The Senate of Pakistan’s defence committee on 19th June constituted a sub-committee to investigate allegations that the armed forces have forcibly occupied lands in Quetta for their projects.
Committee Chairman Senator Mushahid Hussain said that the three-member sub-committee, which would be led by Senator Abdul Qayyum, a retired general. Other members include PPP secretary general Senator Farhatullah Babar and Senator Hidayatullah.
The matter had been referred to the defence committee after Senators Usman Kakar, Azam Khan Musakhel and Gul Bashra moved an adjournment motion in the upper house of parliament on alleged “alarming rise in the occupation of land by military and Air Force in Quetta causing disharmony among the people”.

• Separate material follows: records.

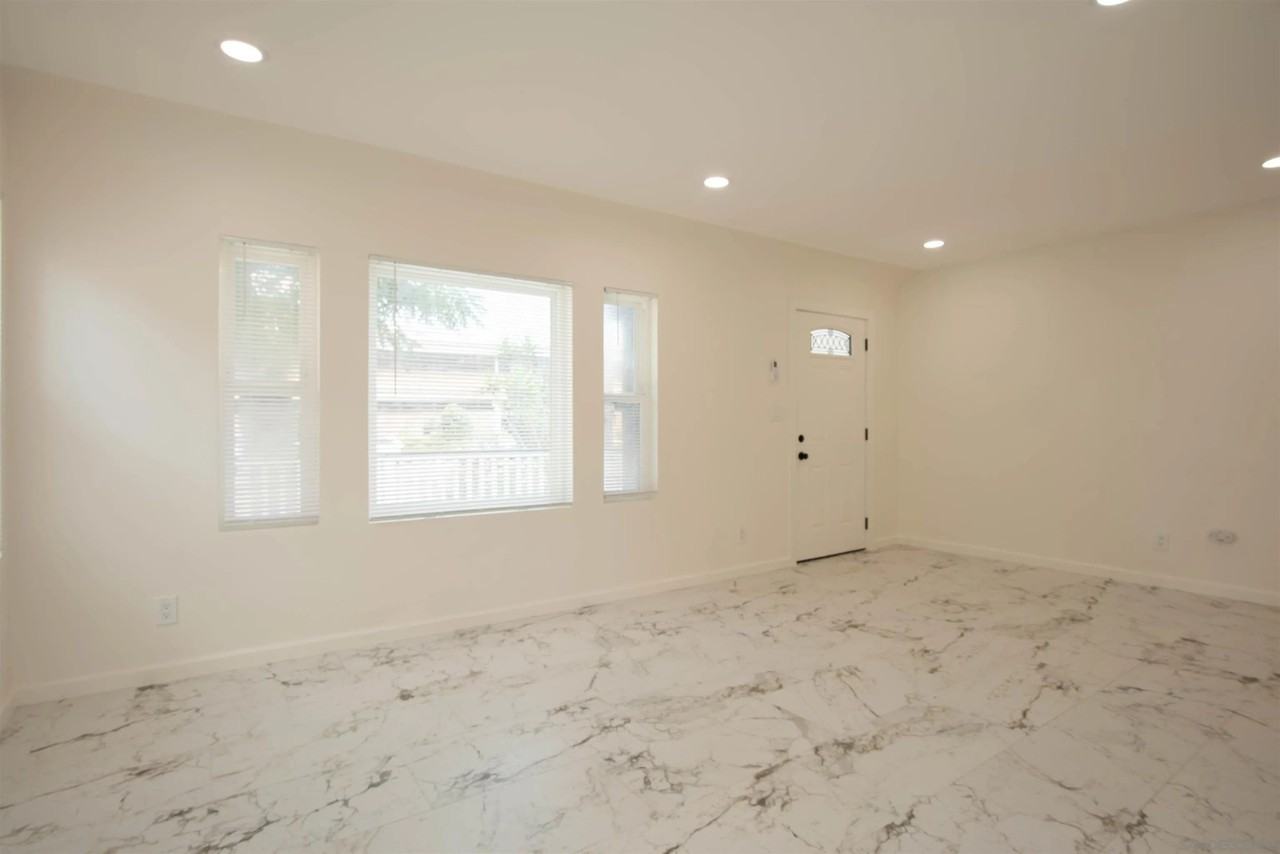 4563 Rainier Ave - Photo 4 of 23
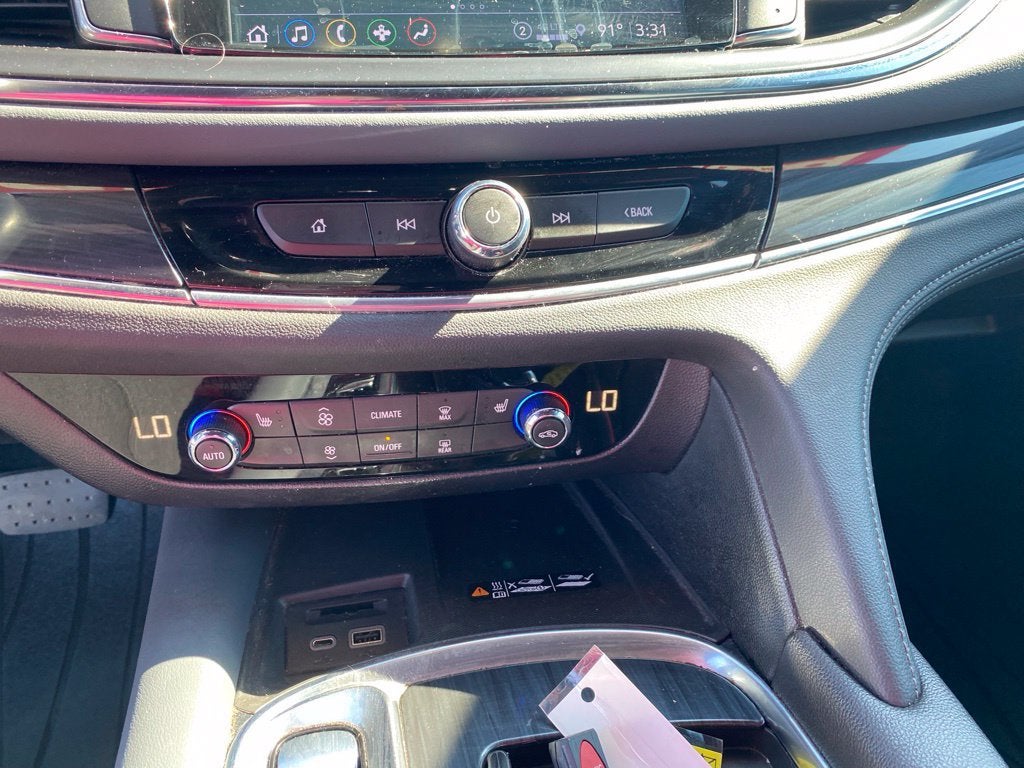 2022 Buick Enclave Essence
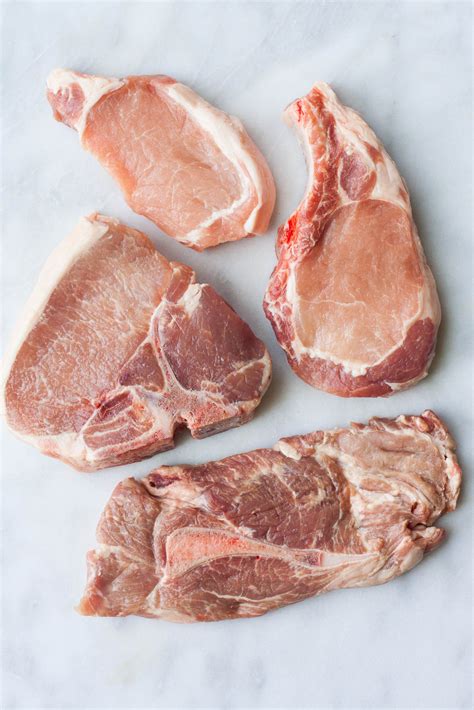 I have listed five chops in the diagram, but only the middle three should be considered real chops and will all i had a center cut bonless pork loin roast that i wasn't sure what to do with. Center Cut Pork Loin Chop Recipe - Grilled Pork Chops ...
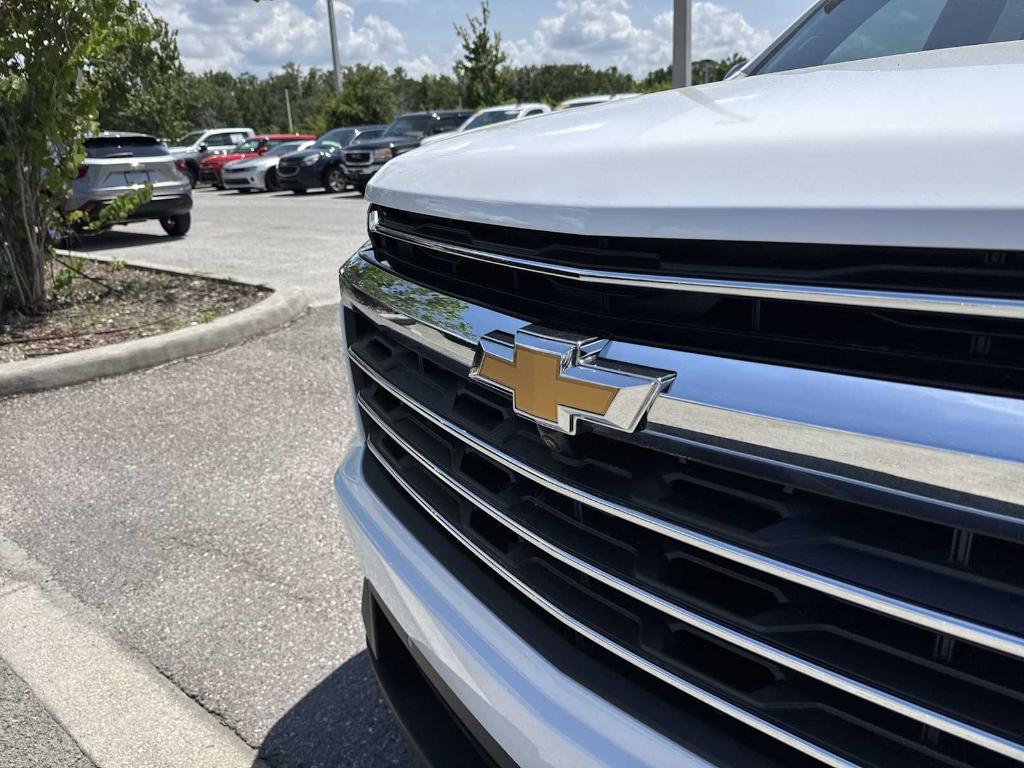 new 2025 Chevrolet Traverse car, priced at $45,680
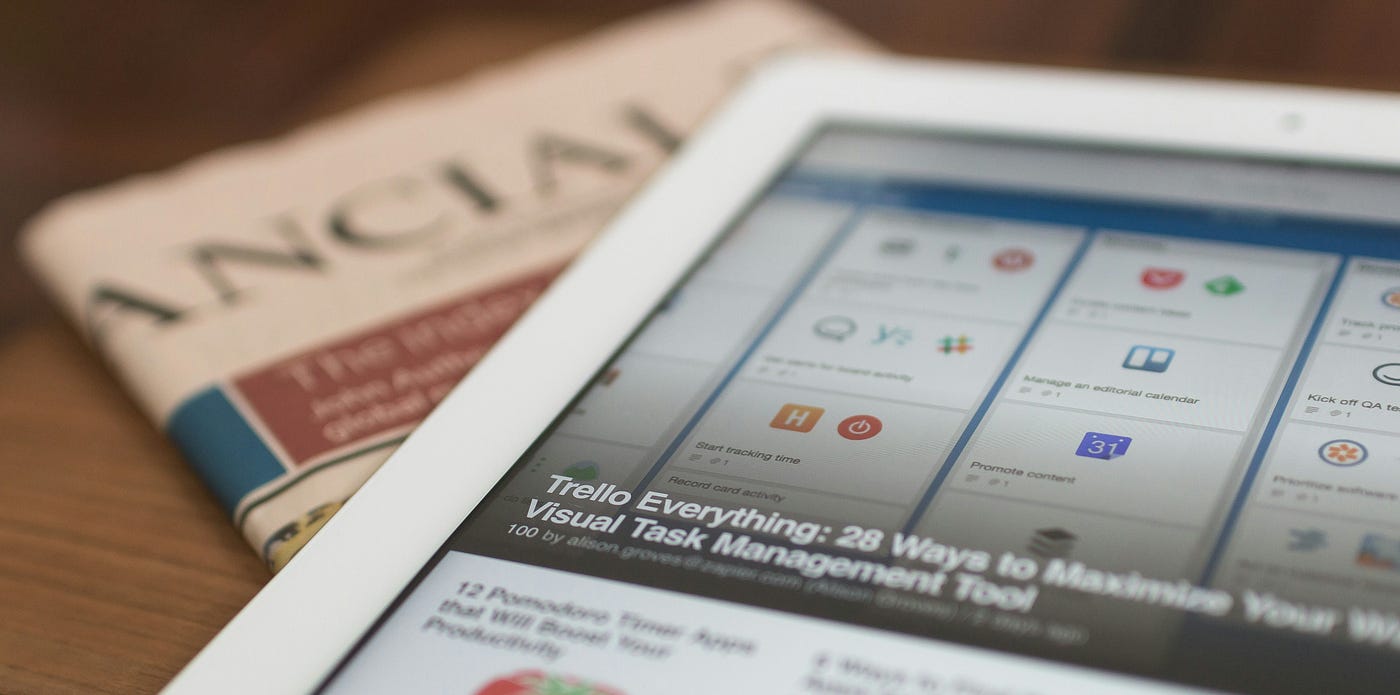 Ada yang masih sering baca berita di internet secara utuh? Foto oleh Matthew Guay di Unsplash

Since the early 1950s, the military has acquired millions of acres of land throughout the country for distribution to serving and retired armed forces personnel. According to one estimate, the armed forces control about 12 million acres, constituting about 12 per cent of total state land. Out of this, 62 per cent is in the Punjab, 27 per cent in Sindh and 11 per cent in Khyber Pakhtunkhwa and Baluchistan. About seven million acres of the total is agricultural land and has an estimated worth of Rs700 billion. Interestingly, only about 100,000 acres are directly controlled by the armed forces and its subsidiary companies, the Fauji Foundation, the AWT and the Bahria Foundation, and distributed amongst serving and retired personnel. The remainder was given (at highly subsidised rates) to army personnel as awards to be used for their personal gratification.
Some of the prominent beneficiaries of the land reclamation scheme from the armed forces included General Ayub Khan (247 acres), General Muhammad Musa (250 acres), and Maj. General Umrao Khan (246 acres).
The military, including its serving and retired members, own massive tracts of land in rural as well as urban centres. They believe that the distribution of land amongst military personnel, particularly within the various housing schemes, denotes the defence establishment’s superior capacity at managing resources. However, the mechanics behind the issue are not so simple. Is the allocation of military land nothing more than a tradition inherited from the British to reward defence services personnel? Or should the acquisition of land by the military be viewed in the larger perspective of the power the armed forces wield over the state and its resources?